▶ _HOW TO COMPLETE THIS TASK_:
Lines below starting with the line with "Potdemiel Leinwandmalerei Dobermann" and going on through the line with "Jackson Rapid Charge" must be output exactly; the rest of the records must be left out.

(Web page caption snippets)
● ● ● ●

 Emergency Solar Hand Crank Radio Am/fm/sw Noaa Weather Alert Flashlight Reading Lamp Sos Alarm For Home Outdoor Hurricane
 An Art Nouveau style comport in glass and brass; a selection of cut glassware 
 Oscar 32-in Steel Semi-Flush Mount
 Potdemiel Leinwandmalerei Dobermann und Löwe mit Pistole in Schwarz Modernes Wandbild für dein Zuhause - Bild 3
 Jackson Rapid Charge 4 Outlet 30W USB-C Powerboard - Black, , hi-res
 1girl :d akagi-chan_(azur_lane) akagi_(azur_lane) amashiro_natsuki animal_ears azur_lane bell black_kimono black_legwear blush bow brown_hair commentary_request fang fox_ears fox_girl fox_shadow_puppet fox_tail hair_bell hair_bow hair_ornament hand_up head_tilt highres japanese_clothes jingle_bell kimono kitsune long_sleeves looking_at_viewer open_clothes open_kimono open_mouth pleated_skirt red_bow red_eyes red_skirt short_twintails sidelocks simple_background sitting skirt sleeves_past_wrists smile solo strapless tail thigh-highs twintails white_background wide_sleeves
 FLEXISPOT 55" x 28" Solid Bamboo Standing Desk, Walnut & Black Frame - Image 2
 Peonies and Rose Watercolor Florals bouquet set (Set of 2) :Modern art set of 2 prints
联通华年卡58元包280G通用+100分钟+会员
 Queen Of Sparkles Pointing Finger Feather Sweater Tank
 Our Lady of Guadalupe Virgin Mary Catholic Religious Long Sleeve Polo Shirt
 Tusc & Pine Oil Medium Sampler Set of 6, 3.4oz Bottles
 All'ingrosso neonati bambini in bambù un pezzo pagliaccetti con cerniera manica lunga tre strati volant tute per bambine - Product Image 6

● ● ● ●

▶ _WRITTEN ANSWER_:
 Potdemiel Leinwandmalerei Dobermann und Löwe mit Pistole in Schwarz Modernes Wandbild für dein Zuhause - Bild 3
 Jackson Rapid Charge 4 Outlet 30W USB-C Powerboard - Black, , hi-res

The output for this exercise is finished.